■日差しが強くてかなり暑かった記憶が残っています
そんな取り壊し直前のスタジアムでしたが、僕は動かない大時計や閉鎖された2階席を見ながら、1954年の決勝戦の映像や写真などを思い出していました。当時のままの光景でした。ただ、1954年のワールドカップの時は雨が多かったようですが、1998年のヴァンクドルフは晴天で、気温は25度でしたが、日差しが強くてかなり暑かった記憶が残っています。
ヴァンクドルフで観戦した翌々日(カズがチームを離れた翌日)の6月3日には、ニヨンで合宿していた日本代表はローザンヌでユーゴスラビアと準備試合を行いました。
ローザンヌはレマン湖に面している坂の街です。坂だらけなので道路も直線ではなく、橋やトンネルがたくさんあるので、僕は方向感覚は良い方なのですが、何度も道に迷ってしまいました。レマン湖の畔には、あのIOC(国際オリンピック委員会)本部も鎮座しています。
ユーゴスラビア戦が行われたスタッド・オランピークはカップ戦で優勝したLSのホームグラウンドで、1954年スイス・ワールドカップの準決勝ハンガリー対ウルグアイの舞台にもなっています。こちらは今も存在していますが、すっかり老朽化。LSは2020年11月にサッカー専用の新スタジアムをオープンさせたそうです。

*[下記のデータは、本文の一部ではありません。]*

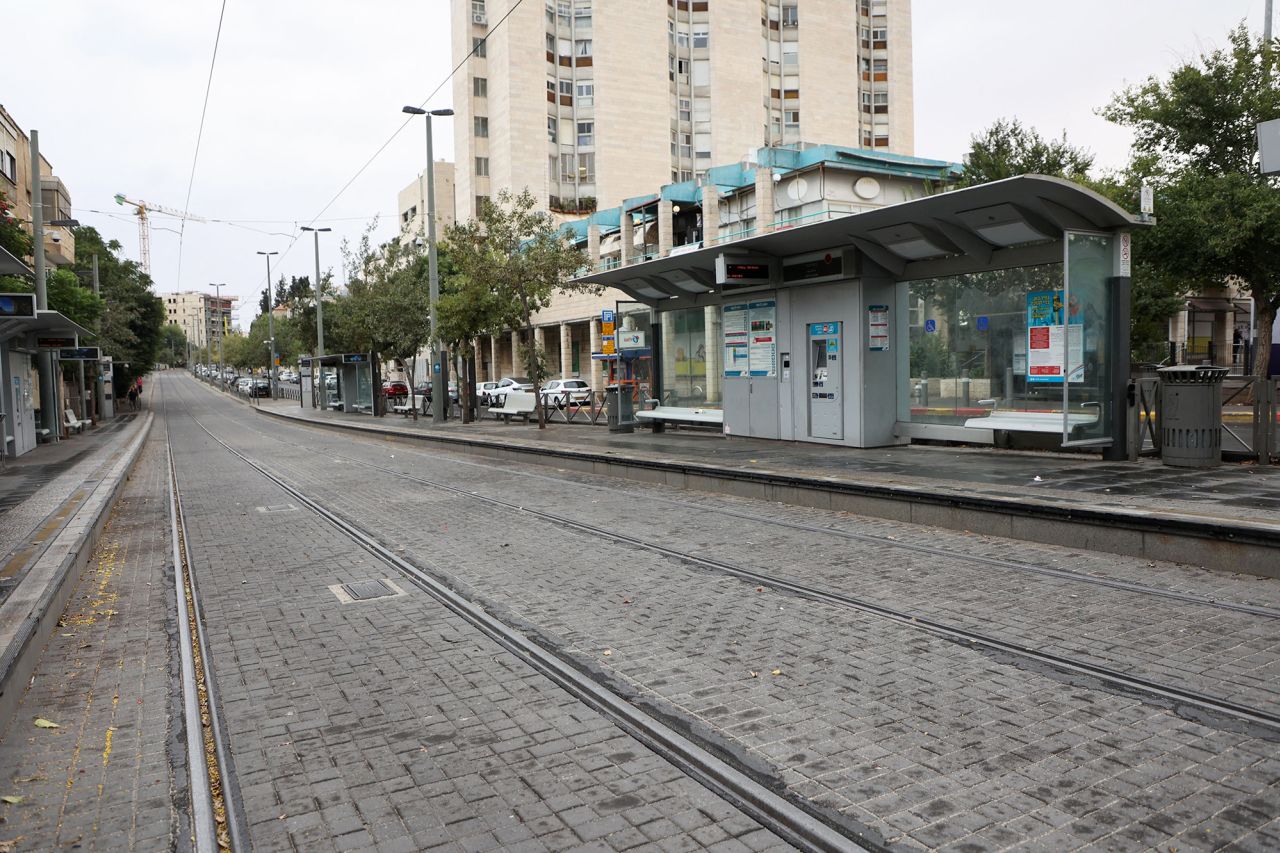 An empty street in central Jerusalem, Israel, on October 9.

さて、スイス・カップ決勝戦の観戦を楽しんだ僕は、ニヨンのホテルに戻って来てから気が付きました。「そうだ、これでワールドカップ決勝戦スタジアムのうち、まだ行ったことがないのはパリのコロンブだけじゃないか!」と。コロンブを訪れるのは、その半年後のことでした(「蹴球放浪記」第72回)。